Total cost for the project was around $40, since I already had 10-32 set
screws on hand. The hollow-lock set screws were only available in a 5-pack.
The design could be adapted to use fewer specialized parts; for example,
a 3/4"-16 bolt could be drilled through and used in place of the
hollow-lock screw.
Unfortunately the coupling nut threads were not entirely concentric, and the
nut wobbled noticeably, so I cut and chamfered the excess length (as shown
in the drawing) to minimize imbalance.
A possible drawback to this design is that the cap head screws are hardened,
which might cause wear on the tooling threads. I would have preferred for
the drawbar to wear instead. In all other respects, it works very well. As
with a lathe, don't forget to remove the key before turning on the mill.
Table Lock Screw
A participant in the
Clausing Lathe and Mill mailing list requested dimensions for the 8520
table lock screws. My Y axis screw turned out to be badly worn, so I
produced a drawing from the X axis screw by using a set of calipers.
Dimensions may differ slightly from the original design; in particular, I
had no way of measuring the diameter of the handle pivot roll pin,
although I suspect it's standard 3/16". A PDF drawing is available
here:
8520_table_lock_screw.pdf
7" Rotary Table
Through a stroke of eBay luck, I found a 7" rotary table which appears
identical to the Gulledge model originally sold with the Clausing mills.
I can't find a make or model anywhere on it, so it might be a respectable
clone. The center bore is a straight 5/8" hole, not tapered.

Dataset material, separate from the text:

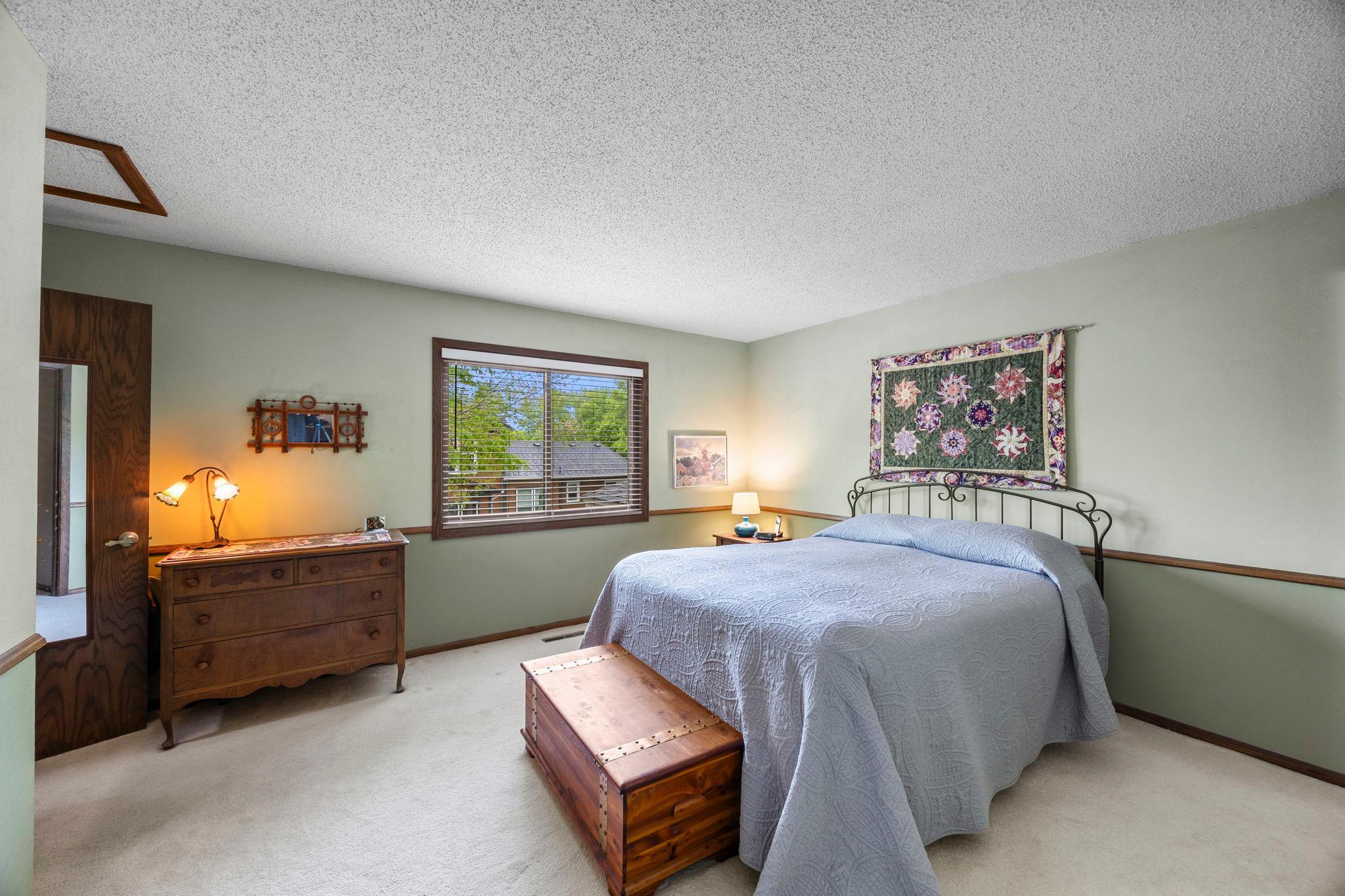 22-web-or-mls-12241 Unity St NW-92.jpg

I machined a bushing which fits in the bore, having a concentric 1/4-20"
threaded hole with a reamed seat to accept a 1/4" shoulder screw.
Workpieces are easily aligned with the table axis by drilling a 1/4"
hole for a reference and pivot point.
The bushing also has a pair of pegs made from cap head screws, which engage
the t-slots to keep it from falling through the table and from rotating
while tightening the shoulder screw. It's fastened from underneath the
table by another 1/4" screw.
The rotary table requires considerable cleverness and careful adjustment
to articulate what would be elementary CNC toolpaths. But each successful
result feels like a delightful accomplishment.